Pilots are useful when they test assumptions. A pilot needs criteria, measures, and a decision point; it should never become a way to avoid a difficult enterprise decision. In exam choices, a well-designed pilot beats a vague trial because it generates evidence leaders can act on — and it produces Kotter's short-term wins.
Sequencing also requires attention to informal adoption. Employees may understand the official message but follow the behavior managers actually reward. If the performance system, staffing model, or executive attention still reinforces the old behavior, communication alone will not produce the new outcome — the refreeze never happens.
Avoiding the Big-Bang Trap
When comparing answers, be cautious about options that announce a large change before preparing managers or resolving governance. Announcement creates expectations; if the organization cannot answer basic questions, early communication erodes trust rather than building momentum.
The senior leader preserves urgency while managing absorption. The best plan identifies what must happen now, what can be phased, what must be monitored, and what would trigger escalation — turning change into a governed business process rather than a one-time HR event.
Worked senior SJI reasoning
Leadership wants to deploy a new enterprise talent process company-wide during the busiest operating quarter. A tactical answer schedules the rollout as requested to meet the deadline. The Advanced HR Professional answer recognizes a readiness-and-timing failure: peak quarter starves the change of Ability (manager bandwidth) and risks service disruption.
The senior recommendation is to surface the timing conflict to the sponsor with evidence, propose a phased pilot in one ready business unit to generate short-term wins, prepare managers first, and sequence the broad rollout after peak — preserving the strategic intent while protecting the business.

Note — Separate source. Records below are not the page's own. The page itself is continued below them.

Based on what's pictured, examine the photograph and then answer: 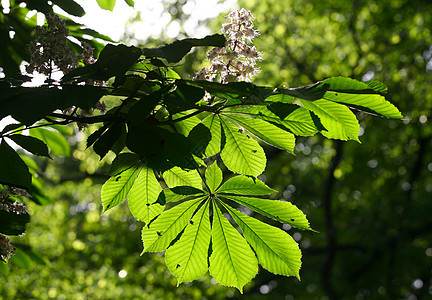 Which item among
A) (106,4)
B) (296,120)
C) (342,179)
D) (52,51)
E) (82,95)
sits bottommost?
(296,120)

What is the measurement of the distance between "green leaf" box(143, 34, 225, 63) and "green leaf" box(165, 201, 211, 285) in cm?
47

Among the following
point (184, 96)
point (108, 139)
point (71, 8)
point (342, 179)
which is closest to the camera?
point (184, 96)

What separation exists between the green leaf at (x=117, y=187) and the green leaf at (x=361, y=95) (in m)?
0.55

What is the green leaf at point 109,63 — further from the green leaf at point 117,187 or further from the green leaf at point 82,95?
the green leaf at point 117,187

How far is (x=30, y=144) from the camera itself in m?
1.06

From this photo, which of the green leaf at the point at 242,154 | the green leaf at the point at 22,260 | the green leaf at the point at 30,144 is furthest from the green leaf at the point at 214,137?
the green leaf at the point at 22,260

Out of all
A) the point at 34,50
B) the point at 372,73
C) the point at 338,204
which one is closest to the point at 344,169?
the point at 338,204

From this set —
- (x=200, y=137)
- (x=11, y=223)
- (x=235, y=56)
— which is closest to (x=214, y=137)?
(x=200, y=137)

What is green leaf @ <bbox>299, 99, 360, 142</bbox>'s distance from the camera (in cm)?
98

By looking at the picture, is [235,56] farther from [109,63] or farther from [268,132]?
[109,63]

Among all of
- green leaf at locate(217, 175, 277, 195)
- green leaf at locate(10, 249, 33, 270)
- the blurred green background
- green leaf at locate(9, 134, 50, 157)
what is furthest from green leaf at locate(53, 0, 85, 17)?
the blurred green background

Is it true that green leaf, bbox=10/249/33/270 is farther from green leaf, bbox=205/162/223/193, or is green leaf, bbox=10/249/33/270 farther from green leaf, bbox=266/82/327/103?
green leaf, bbox=266/82/327/103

The credited choice manages absorption, not just announcement.
Change Fatigue, the Transition Curve, and Reinforcement
Enterprise leaders frequently underestimate change saturation — the cumulative load of concurrent initiatives competing for the same managers and employees. When too many changes run at once, even well-designed efforts fail because the organization lacks the Ability (in ADKAR terms) to absorb more. A senior HR leader maintains a change portfolio view, sequences initiatives against capacity, and is willing to recommend pausing or staggering a lower-priority change to protect a strategic one.
The Kübler-Ross change curve (denial, anger, bargaining, depression, acceptance) and Bridges' Transition Model both remind the senior leader that people experience a psychological dip even when the structural change is sound. Productivity often falls before it recovers. Planning for this dip — extra support in the neutral zone, realistic timelines, and patience with the curve — distinguishes a strategic plan from an optimistic one.
Reinforcement: the step most often skipped
- Realign incentives and metrics so they reward the new behavior, not the old.
- Audit informal signals — what managers actually praise and escalate.
- Sustain sponsor attention past the launch so the change does not quietly decay.
- Measure adoption, not just deployment; a deployed system that no one uses has not changed anything.
Lewin's refreeze, Kotter's anchor in the culture, and ADKAR's Reinforcement all name the same truth: change that is not reinforced reverts. SHRM-SCP scenarios that end at "go-live" are a trap — the credited senior answer extends the plan to reinforcement and measurement so the new state actually sticks.
A company wants to roll out a new enterprise talent process during its busiest operating period. What should HR recommend first?
In the ADKAR model, an employee understands the change and wants it but cannot yet perform the new task. Which element is missing?
Why is manager readiness critical before broad employee communication?